Das Archos GamePad zeichnet sich hauptsächlich durch die Steuerelemente eines klassischen GamePads aus, die an den Seiten angebracht sind. Darunter befinden sich 8 Buttons und zwei Joysticks. Bei Spielen wie Angry Brids braucht man diese natürlich nicht, denn solche Games wurden von Anfang an für Touchscreens entwickelt. Bei anderen, wie Super Mario Spiele, die klassischen im Emulator oder auch bei neueren wie GTA Vice City und 3D Shooter sind klassische Spielekontroller jedoch viel angenehmer.

Einige Spiele, wie GTA Vice City, funktionieren von Haus aus mit Gamepads und somit auch mit den Steuerelementen des Archos GamePads. Für Spiele die dafür nicht optimiert wurden, hat Archos ein eigenes Mapping-Tool entwickelt. Mit dem Tool könnt ihr festlegen, welche Aktionen mit den Buttons und Joysticks ausgeübt werden.

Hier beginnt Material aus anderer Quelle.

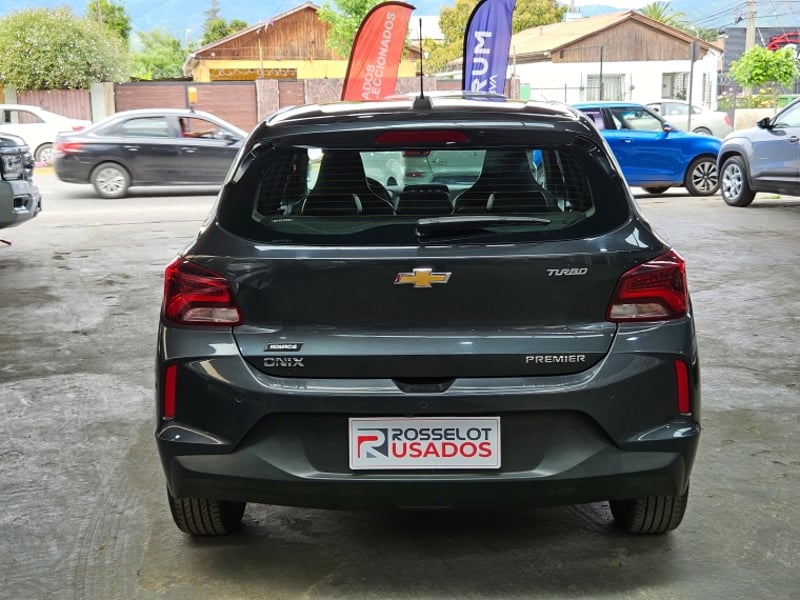 Chevrolet Onix Hb 1.0 At 2023 - Imagen 6 de 19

Das funktioniert sogar überraschend gut!

Im folgenden Unboxing und Kurztest Video packe ich das Archos GamePad aus und ihr seht auch einige Spiele mit den Steuerelementen und dem Mapping-Tool im Einsatz:

Abgesehen von den Buttons für die Spielsteuerung, ist das Archos GamePad ein ganz normales Tablet. Das Display ist 7 Zoll groß und hat eine Auflösung von 1024×600 Pixel, jedoch handelt es sich dabei leider nicht um ein IPS Display. Zwar sind die Blickwinkel von oben und von den Seiten sehr gut, und das ist immerhin das wichtigste, nach unten brechen sie jedoch recht schnell ab.

Im Archos GamePad steckt ein 1,6GHz DualCore Cortex A9 Rockchip Prozessor mit der Mali-400MP GPU und beides zusammen hat auch ordentlich Leistung. Natürlich kann man den Rockchip Prozessor nicht mit einem Tegra 3 oder Snapdragon S4 Pro vergleichen, aber die Leistung ist für den Preis ziemlich gut. Wie ihr in dem Video seht, lief alles recht flüssig, was natürlich auch an Project Butter liegt, denn auf dem GamePad ist Android 4.1 Jelly Bean vorinstalliert.

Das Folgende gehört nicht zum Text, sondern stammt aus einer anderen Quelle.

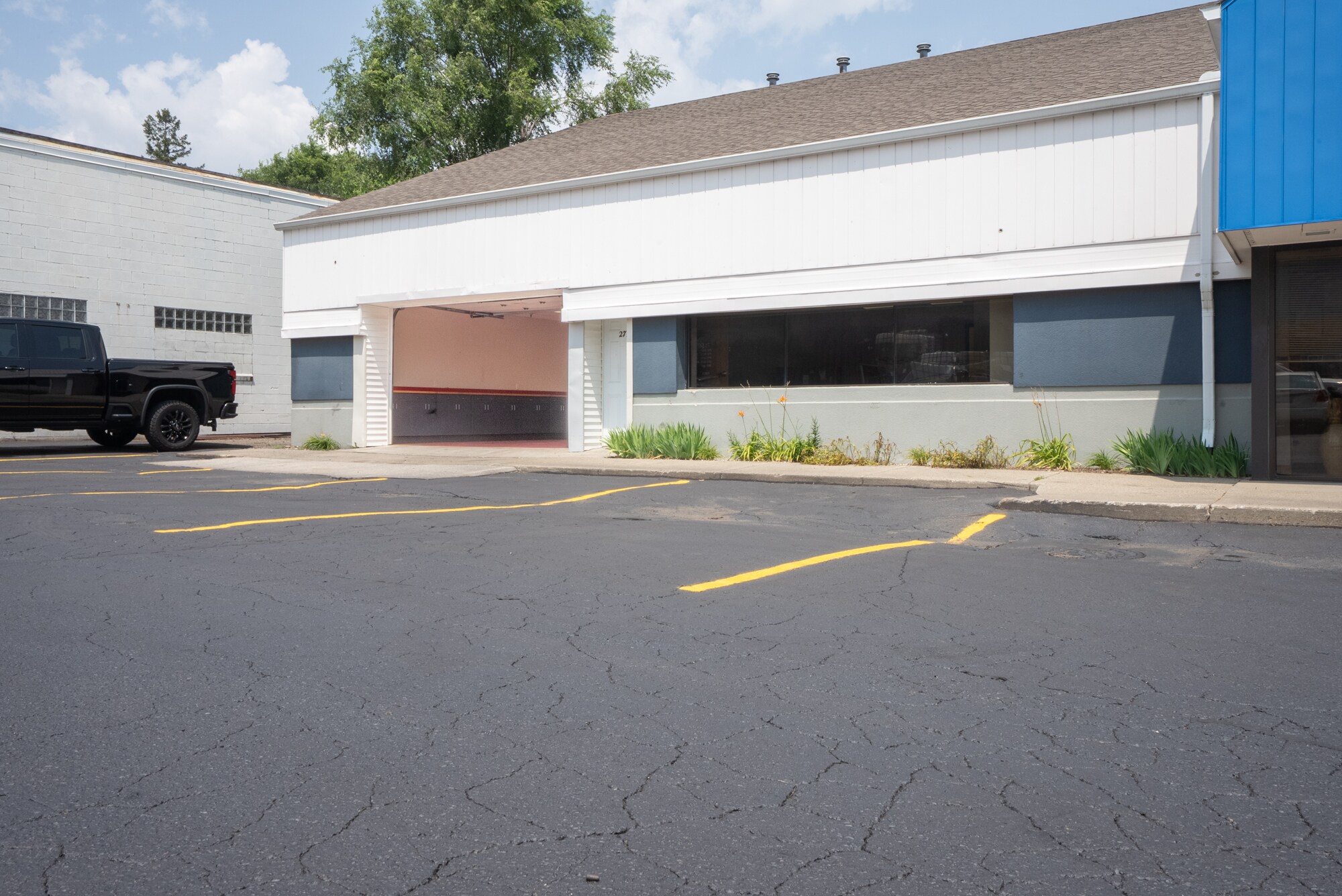 277 N Groesbeck Hwy, Mount Clemens, MI for Rent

Das Archos GamePad hat platz für eine 64GB microSD Karte und es gibt einen miniHDMI Ausgang, sowie einen microUSB Port. Der microSD Kartenslot ist wichtig, denn es sind nur 8GB Speicher verbaut und wenn man viele Spiele zocken möchte, kommt man an einer microSD Karte nicht vorbei.

Zu der Verarbeitung: Zwar ist das Gehäuse des Archos GamePad komplett aus Plastik, dennoch fühlt sich das Tablet recht stabil an. Allerdings scheint es für Kratzer empfindlich zu sein, weshalb ich euch auf jeden Fall zu einer Schutzhülle raten würde.

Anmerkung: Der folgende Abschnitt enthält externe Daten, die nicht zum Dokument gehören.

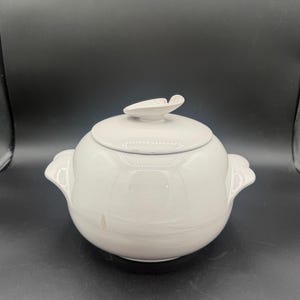Frankoma Whirlwind Bean Pot and Lid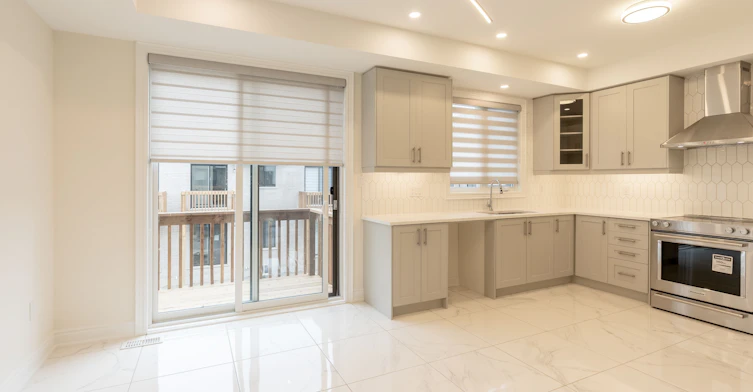 510 New England Court, Newmarket, ON, L3X 0M6 - 6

Das erste, vorläufige Fazit ist recht gut. Natürlich kann das Archos GamePad als reines Tablet mit einem Google Nexus 7 nicht mithalten, aber das GamePad ist eben auch deutlich günstiger. Wer ein günstiges Tablet sucht, mit dem man auch bequem Spiele spielen kann, sollte sich das GamePad mal anschauen und unseren finalen Test abwarten.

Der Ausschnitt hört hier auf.